- The Red Sox, however, better hope it is only the WBC that caused Matsuzaka's fatigue. When Boston placed him on the disabled list, I thought not only about the WBC, but also about a story I did about Matsuzaka prior to the 2007 season, his first in the majors after a distinguished, and grueling, career in Japan. What stuck with me is how both the Red Sox and Scott Boras, the agent for Matsuzaka, were concerned about the ominous track record of Japanese starting pitchers when they jump to the big leagues. Both the club and the agent knew about a pattern in which Japanese starters have success in the majors for a year or two, but wear down in years three and four.
"The greatest concern is ensuring his health," Boras said then, "not just this year but over the life of the contract and beyond. The history of the Japanese [starting] pitchers who have come here is concerning."
The Red Sox, who study these things exhaustively, correlated the decline to age, with the dropoff occurring in the early 30s. But general manager Theo Epstein, when asked about the trend of third and fourth year declines, said, "We may be talking about a similar thing, just measured differently."
Matsuzaka was 26 when he joined the big leagues, the same age as when Hideo Nomo made his jump. The other relevant comparisons are Kaz Ishii (28 when he joined MLB), Hideki Irabu (28) and Masato Yoshii (33).
The biggest concern for such a track record is the difference in how pitchers are used in Japan and in the majors. Matsuzaka pitched every sixth or seventh day in Japan in a shorter season, but his individual pitch counts wouldn't be allowed in America. He threw, for instance, 250 pitches in a high school game, 189 pitches on Opening Day 2003, 160 pitches in his second start of 2005 and 145 pitches in his penultimate start before signing with Boston. Perhaps most ominously, Matsuzaka threw 588 innings as a pro in Japan as a teenager.
As former Red Sox teammate Curt Schilling said back in 2007, "He is a big league ace in the making. The question is, does he throw his last pitch at 31 or at 39?"
(You should read the whole article, as I've left out some good stuff.)
If Dice-K throws his last pitch at 31, the Red Sox will be disappointed, because he turns 32 in September 2012, and if he throws his last pitch before then, he'll likely have missed some significant stretches of time already.
When the Red Sox invested $103 million in Matsuzaka, they took a huge gamble, a gamble they -- with all their affection for objective analysis -- could only begin to measure. Why? Because there had never been a Japanese pitcher with his track record in Major League Baseball. Analysis doesn't work without data, and the relevant data on Dice-K fell well short of what any good analyst would have craved.

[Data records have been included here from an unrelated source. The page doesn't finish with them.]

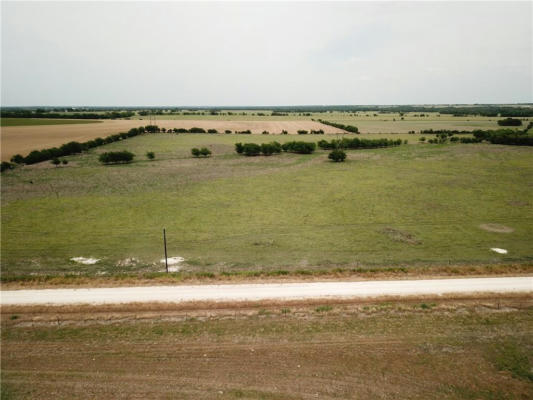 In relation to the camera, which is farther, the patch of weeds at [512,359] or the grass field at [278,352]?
the patch of weeds at [512,359]

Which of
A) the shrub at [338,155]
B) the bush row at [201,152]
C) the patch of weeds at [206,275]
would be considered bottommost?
the patch of weeds at [206,275]

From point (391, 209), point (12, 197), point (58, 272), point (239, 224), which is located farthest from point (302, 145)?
point (58, 272)

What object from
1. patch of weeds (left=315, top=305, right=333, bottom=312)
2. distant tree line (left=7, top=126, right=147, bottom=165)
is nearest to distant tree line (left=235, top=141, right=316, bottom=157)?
distant tree line (left=7, top=126, right=147, bottom=165)

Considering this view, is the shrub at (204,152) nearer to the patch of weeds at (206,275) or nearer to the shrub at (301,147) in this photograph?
the shrub at (301,147)

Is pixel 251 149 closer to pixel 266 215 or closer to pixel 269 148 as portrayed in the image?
pixel 269 148

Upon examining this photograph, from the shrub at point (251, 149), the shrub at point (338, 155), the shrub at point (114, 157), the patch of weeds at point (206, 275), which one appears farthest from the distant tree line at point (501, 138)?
the patch of weeds at point (206, 275)

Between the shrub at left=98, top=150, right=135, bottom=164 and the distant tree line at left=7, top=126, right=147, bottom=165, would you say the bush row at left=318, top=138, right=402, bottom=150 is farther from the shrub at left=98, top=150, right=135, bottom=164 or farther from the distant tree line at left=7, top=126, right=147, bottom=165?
the distant tree line at left=7, top=126, right=147, bottom=165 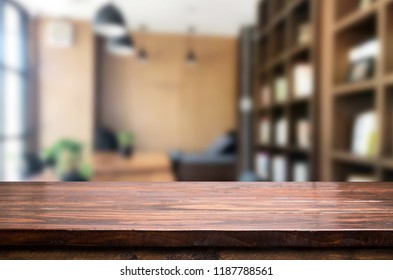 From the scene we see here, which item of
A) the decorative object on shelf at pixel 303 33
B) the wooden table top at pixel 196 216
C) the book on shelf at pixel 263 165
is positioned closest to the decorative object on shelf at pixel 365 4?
the decorative object on shelf at pixel 303 33

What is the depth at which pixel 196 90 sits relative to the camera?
6.74 meters

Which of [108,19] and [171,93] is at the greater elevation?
[108,19]

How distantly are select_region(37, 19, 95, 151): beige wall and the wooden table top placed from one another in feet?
18.5

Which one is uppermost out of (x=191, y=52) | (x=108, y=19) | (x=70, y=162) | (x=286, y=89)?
(x=191, y=52)

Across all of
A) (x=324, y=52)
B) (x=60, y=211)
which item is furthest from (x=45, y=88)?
(x=60, y=211)

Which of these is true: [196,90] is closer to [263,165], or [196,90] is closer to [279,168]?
[263,165]

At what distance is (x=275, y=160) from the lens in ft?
11.8

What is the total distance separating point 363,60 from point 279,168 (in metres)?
1.62

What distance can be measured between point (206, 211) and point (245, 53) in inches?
241

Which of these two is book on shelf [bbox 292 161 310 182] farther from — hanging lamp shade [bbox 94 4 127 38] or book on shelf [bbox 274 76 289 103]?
hanging lamp shade [bbox 94 4 127 38]

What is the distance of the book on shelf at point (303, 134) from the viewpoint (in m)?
2.69

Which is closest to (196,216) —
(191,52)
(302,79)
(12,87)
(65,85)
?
(302,79) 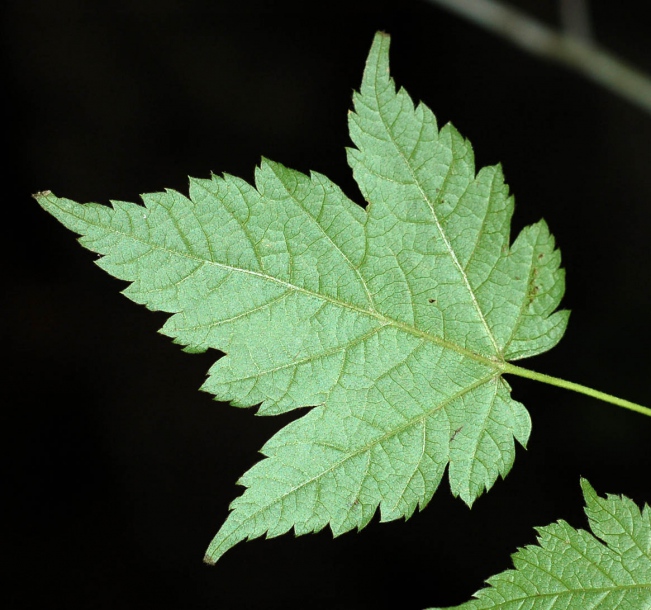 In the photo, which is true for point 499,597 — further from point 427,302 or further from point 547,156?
point 547,156

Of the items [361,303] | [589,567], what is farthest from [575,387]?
[361,303]

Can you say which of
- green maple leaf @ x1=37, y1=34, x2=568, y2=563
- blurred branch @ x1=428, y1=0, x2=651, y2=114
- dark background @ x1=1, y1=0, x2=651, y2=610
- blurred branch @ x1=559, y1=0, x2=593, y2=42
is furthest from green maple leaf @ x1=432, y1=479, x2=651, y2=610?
blurred branch @ x1=559, y1=0, x2=593, y2=42

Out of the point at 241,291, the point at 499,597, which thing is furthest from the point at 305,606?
the point at 241,291

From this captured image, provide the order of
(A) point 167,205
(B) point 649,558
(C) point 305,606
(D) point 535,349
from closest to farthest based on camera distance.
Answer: (A) point 167,205
(B) point 649,558
(D) point 535,349
(C) point 305,606

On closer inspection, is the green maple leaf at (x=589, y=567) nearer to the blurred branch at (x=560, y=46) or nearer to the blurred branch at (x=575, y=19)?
the blurred branch at (x=560, y=46)

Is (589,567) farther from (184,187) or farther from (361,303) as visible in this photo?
(184,187)

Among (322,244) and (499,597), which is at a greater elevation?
(322,244) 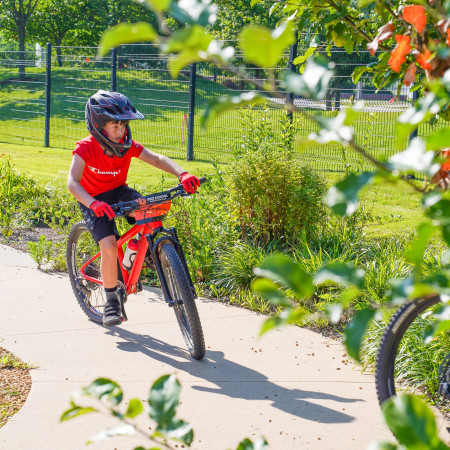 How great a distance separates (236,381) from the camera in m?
4.07

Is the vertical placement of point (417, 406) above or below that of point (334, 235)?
above

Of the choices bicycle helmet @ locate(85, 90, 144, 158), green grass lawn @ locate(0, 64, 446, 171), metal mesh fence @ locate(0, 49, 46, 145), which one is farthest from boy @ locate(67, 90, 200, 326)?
metal mesh fence @ locate(0, 49, 46, 145)

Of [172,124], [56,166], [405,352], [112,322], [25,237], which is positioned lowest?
[56,166]

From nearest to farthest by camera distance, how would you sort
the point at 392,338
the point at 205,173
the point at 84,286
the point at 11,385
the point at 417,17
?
the point at 417,17, the point at 392,338, the point at 11,385, the point at 84,286, the point at 205,173

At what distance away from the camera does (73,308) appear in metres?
5.46

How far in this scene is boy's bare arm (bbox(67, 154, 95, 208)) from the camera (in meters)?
4.43

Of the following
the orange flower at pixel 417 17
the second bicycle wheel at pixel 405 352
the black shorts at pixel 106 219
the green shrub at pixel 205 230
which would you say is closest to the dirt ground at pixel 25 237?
the green shrub at pixel 205 230

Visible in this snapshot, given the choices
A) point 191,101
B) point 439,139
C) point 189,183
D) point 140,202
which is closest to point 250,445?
point 439,139

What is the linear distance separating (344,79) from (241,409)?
364 inches

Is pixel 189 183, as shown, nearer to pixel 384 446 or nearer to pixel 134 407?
pixel 134 407

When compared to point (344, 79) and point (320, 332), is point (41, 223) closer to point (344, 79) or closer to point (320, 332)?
point (320, 332)

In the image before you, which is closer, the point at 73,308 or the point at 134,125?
the point at 73,308

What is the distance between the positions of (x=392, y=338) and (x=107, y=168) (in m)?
2.57

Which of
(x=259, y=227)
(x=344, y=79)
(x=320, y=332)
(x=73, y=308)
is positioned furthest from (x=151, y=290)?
(x=344, y=79) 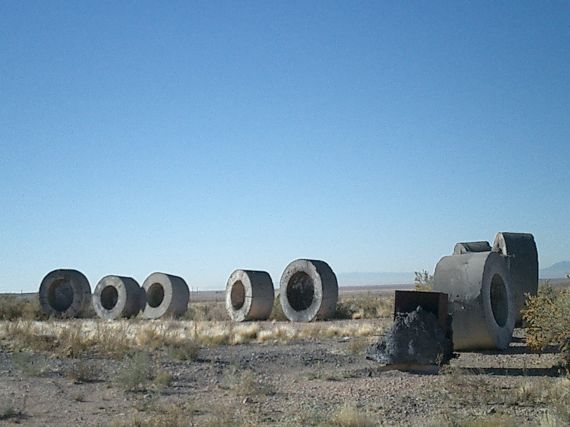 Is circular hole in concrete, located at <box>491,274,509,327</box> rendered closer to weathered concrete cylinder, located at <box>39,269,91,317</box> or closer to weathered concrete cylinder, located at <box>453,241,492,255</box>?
weathered concrete cylinder, located at <box>453,241,492,255</box>

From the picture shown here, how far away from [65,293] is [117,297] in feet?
8.51

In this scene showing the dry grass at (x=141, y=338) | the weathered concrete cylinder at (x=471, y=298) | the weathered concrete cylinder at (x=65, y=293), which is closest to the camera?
the weathered concrete cylinder at (x=471, y=298)

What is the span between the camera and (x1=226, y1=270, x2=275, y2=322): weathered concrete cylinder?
26.0 m

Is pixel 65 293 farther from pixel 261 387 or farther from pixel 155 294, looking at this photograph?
pixel 261 387

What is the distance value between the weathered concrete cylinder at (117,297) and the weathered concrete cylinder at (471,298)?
704 inches

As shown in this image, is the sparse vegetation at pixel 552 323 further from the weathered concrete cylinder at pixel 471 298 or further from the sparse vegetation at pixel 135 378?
the sparse vegetation at pixel 135 378

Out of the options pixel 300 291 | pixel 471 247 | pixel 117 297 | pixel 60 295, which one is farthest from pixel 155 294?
pixel 471 247

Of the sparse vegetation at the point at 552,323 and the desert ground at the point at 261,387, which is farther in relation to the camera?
the sparse vegetation at the point at 552,323

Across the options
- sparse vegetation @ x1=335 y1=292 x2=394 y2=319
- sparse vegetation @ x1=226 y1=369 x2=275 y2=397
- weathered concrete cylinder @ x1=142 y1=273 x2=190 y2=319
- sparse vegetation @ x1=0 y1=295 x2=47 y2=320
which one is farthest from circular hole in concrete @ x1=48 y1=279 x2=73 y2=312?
sparse vegetation @ x1=226 y1=369 x2=275 y2=397

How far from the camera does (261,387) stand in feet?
32.0

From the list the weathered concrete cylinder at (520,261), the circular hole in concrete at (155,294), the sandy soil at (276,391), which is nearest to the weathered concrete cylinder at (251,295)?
the circular hole in concrete at (155,294)

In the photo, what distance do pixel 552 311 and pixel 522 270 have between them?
814 centimetres

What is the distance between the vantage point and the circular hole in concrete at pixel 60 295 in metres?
30.5

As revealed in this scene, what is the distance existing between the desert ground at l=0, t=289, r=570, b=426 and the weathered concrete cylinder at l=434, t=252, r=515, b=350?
32 cm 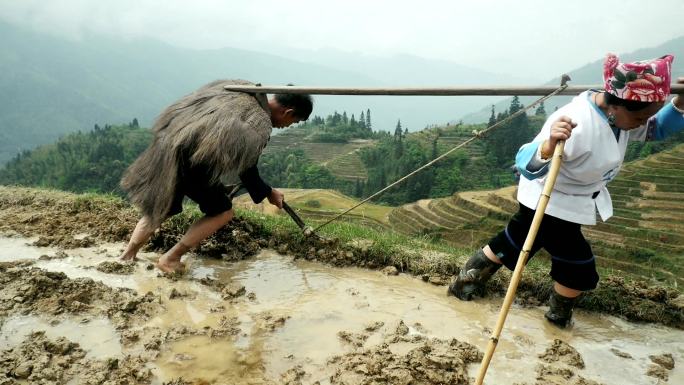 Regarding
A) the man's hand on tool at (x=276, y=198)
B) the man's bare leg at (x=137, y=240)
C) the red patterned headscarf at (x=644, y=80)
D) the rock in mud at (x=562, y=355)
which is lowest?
the rock in mud at (x=562, y=355)

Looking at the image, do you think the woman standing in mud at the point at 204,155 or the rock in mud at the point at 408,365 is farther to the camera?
the woman standing in mud at the point at 204,155

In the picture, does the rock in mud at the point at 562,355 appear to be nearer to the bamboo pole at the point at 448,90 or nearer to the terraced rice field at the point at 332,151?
the bamboo pole at the point at 448,90

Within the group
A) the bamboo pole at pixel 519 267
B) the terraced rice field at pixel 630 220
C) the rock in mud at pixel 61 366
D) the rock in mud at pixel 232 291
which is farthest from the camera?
the terraced rice field at pixel 630 220

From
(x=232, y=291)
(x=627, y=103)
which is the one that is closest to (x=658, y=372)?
(x=627, y=103)

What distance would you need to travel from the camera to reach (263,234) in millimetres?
4598

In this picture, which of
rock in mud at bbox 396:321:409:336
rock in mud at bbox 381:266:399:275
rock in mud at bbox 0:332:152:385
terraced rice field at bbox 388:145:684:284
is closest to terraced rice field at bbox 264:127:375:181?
terraced rice field at bbox 388:145:684:284

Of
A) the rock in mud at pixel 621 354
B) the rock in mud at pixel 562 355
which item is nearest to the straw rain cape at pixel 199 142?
the rock in mud at pixel 562 355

So you do the best you can, and you guess a little bit, and you spend the $103 million because you've got it and because you really, really, really want to beat the Yankees.
So far, so good. In his first season, Dice-K won 15 games in the regular season, and a World Series game. In his second season, he went 18-3 (despite leading the AL in walks). But suddenly 2012 seems like a long ways away.